A witness for the prosecution is a witness who is brought into the court in order to provide testimony which supports the prosecution’s overall case. A witness for the prosecution, thus, would likely provide testimony affirming that the defendant did whatever action he or she is being put on trial for, for example, or otherwise would produce some form of statement which helps to push the jury in favor of the prosecution’s argument.
Because a witness for the prosecution will often be providing testimony which is ultimately critical to the prosecution’s overall case, the prosecution will likely help to establish a witness statement for a witness for the prosecution. Such a witness statement would function as a summary of the facts and evidence which the witness is going to provide in testimony.

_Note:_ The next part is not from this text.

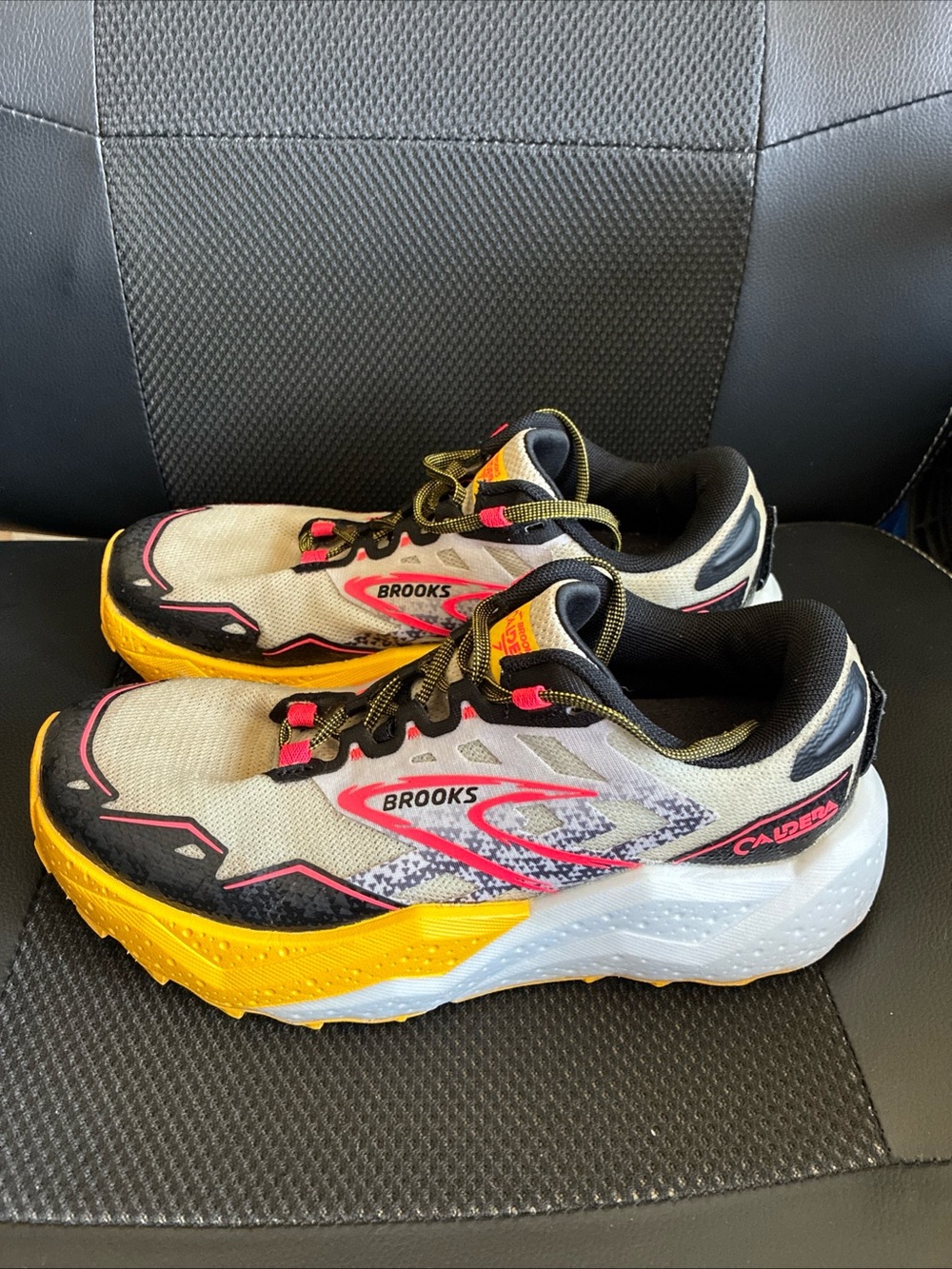 Brooks Caldera 7 Women Size 7 Trail Running Shoes Grey Yellow Pink 1204041B09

Sometimes, a witness statement may actually be all that is necessary for the witness’s evidence to be entered into the trial, as a full out questioning of the witness for the prosecution may be deemed unnecessary in light of the witness statement. In general, however, a witness statement is less often used within the courts of the United States of America, as the deposition and questioning process is much more often used.
The defense of a trial would focus on discrediting, in some fashion, any important witness for the prosecution, in order to take the weight off the testimony given by such a witness for the prosecution. For example, the defense would attempt to prove that it is possible that a witness for the prosecution did not see the things which he or she believes that he or she saw, in order to disprove the testimony of the witness for the prosecution, and thus add to the defense’s overall case.